Short web captions
----

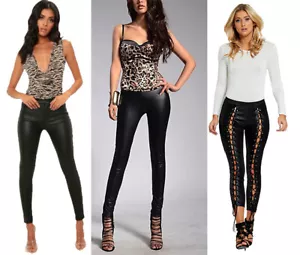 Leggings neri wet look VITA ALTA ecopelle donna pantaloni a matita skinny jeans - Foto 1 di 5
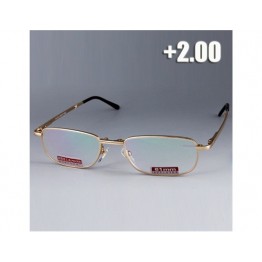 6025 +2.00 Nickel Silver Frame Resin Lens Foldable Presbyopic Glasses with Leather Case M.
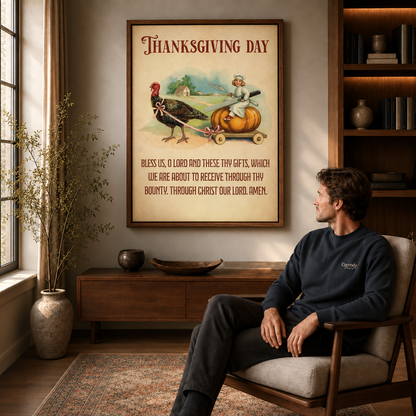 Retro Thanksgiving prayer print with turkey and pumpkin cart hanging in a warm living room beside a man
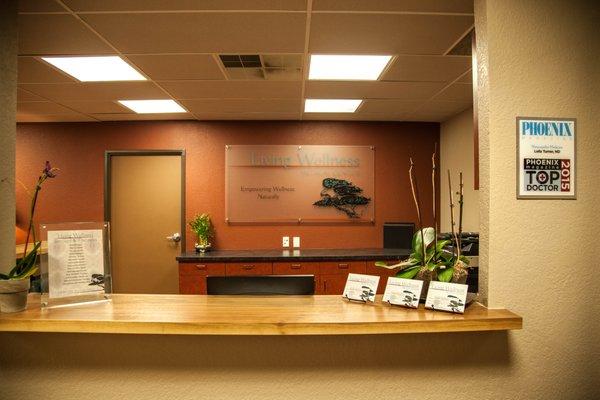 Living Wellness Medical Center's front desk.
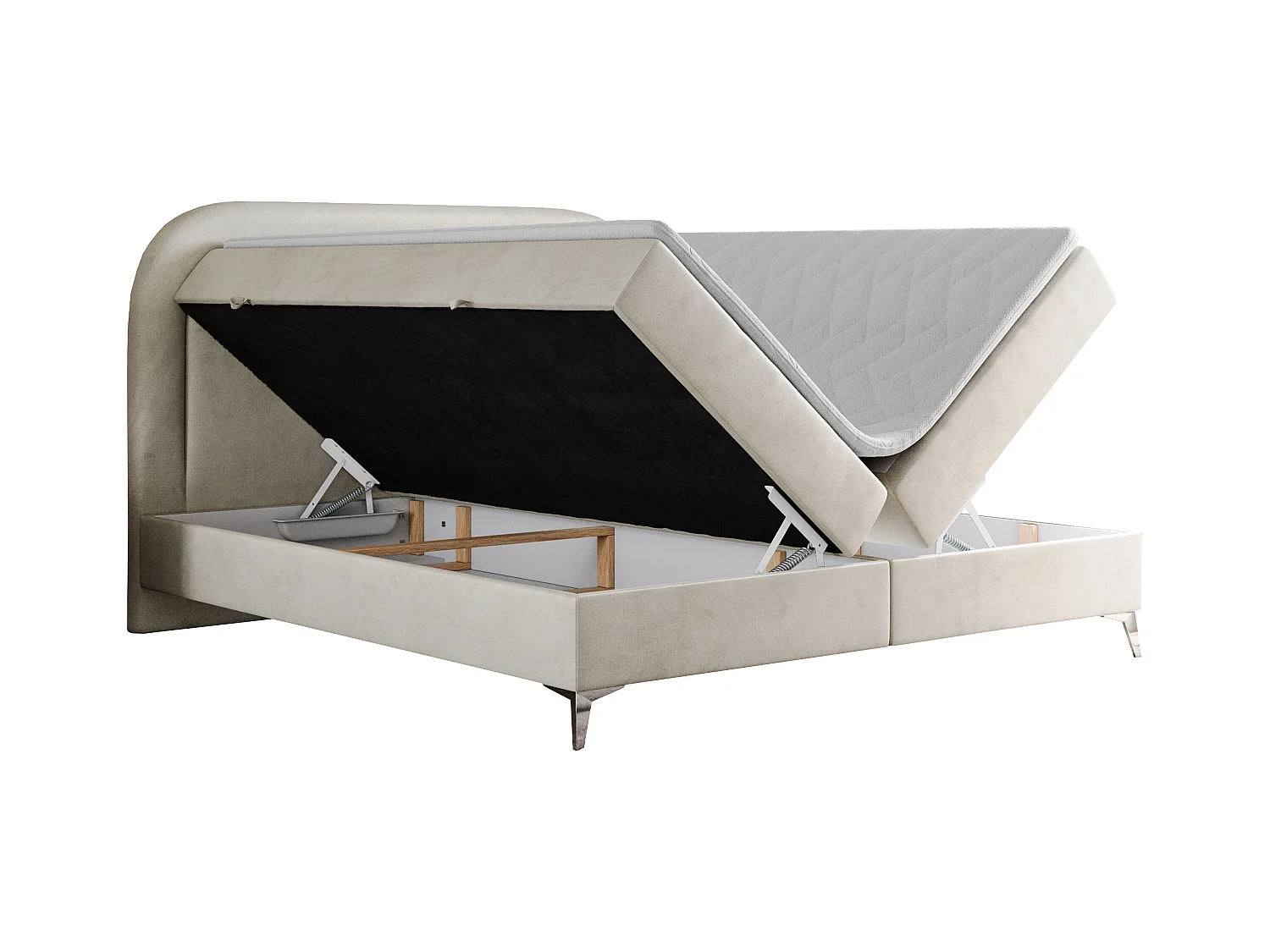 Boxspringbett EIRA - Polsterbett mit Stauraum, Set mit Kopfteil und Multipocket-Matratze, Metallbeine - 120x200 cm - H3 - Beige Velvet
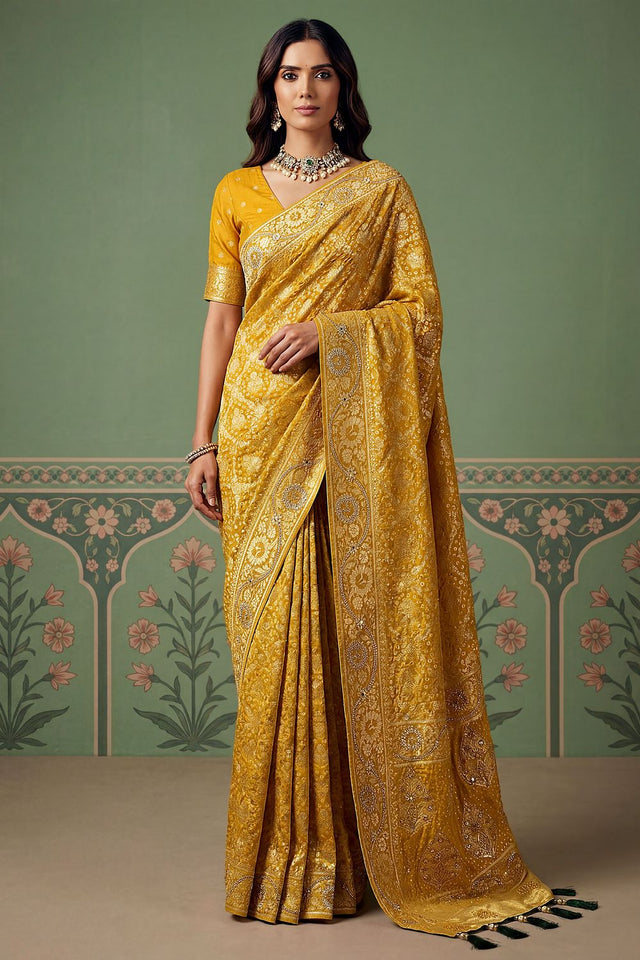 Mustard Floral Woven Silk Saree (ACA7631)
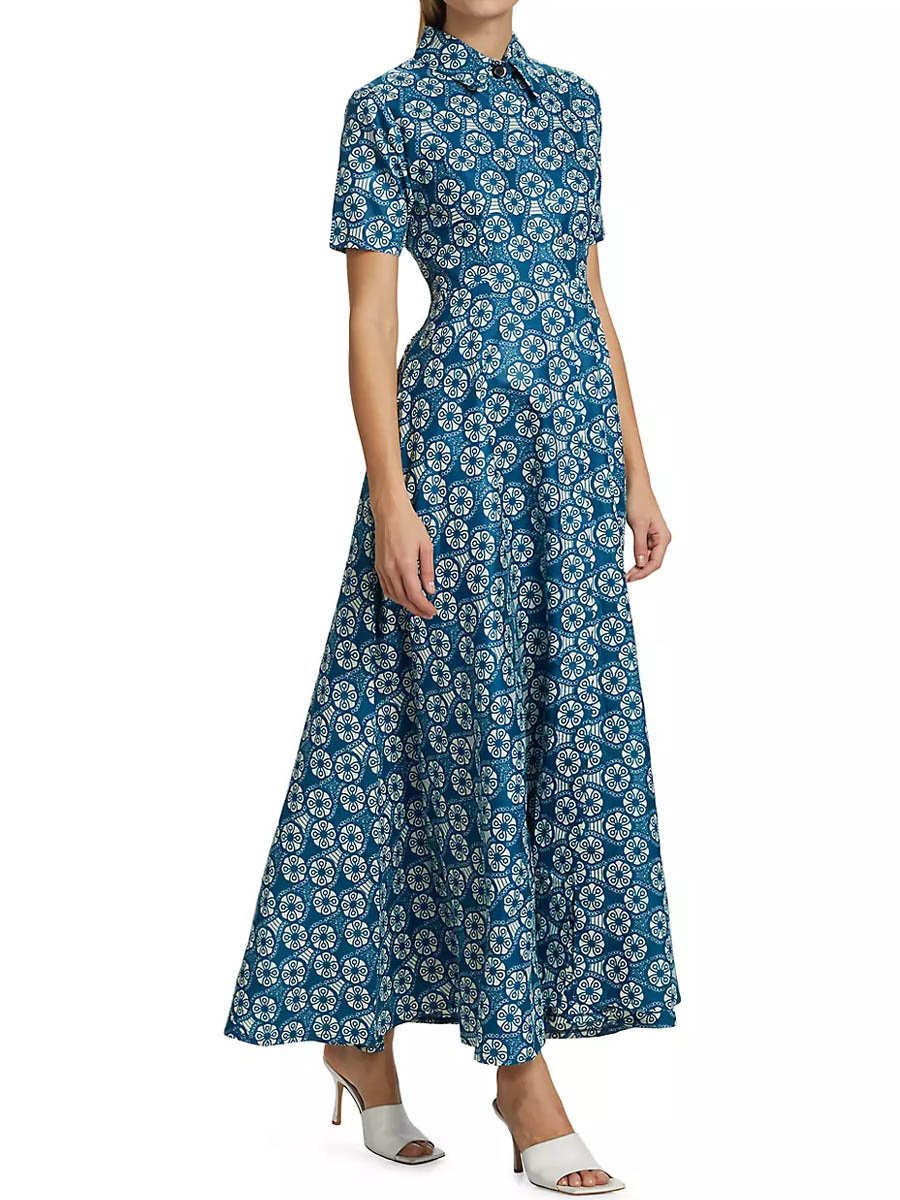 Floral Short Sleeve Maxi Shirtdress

----

▶ [Work to complete]: The lines above should be transcribed exactly, with every image removed.

▶ [Reply]:
 Leggings neri wet look VITA ALTA ecopelle donna pantaloni a matita skinny jeans - Foto 1 di 5
 6025 +2.00 Nickel Silver Frame Resin Lens Foldable Presbyopic Glasses with Leather Case M.
 Retro Thanksgiving prayer print with turkey and pumpkin cart hanging in a warm living room beside a man
 Living Wellness Medical Center's front desk.
 Boxspringbett EIRA - Polsterbett mit Stauraum, Set mit Kopfteil und Multipocket-Matratze, Metallbeine - 120x200 cm - H3 - Beige Velvet
 Mustard Floral Woven Silk Saree (ACA7631)
 Floral Short Sleeve Maxi Shirtdress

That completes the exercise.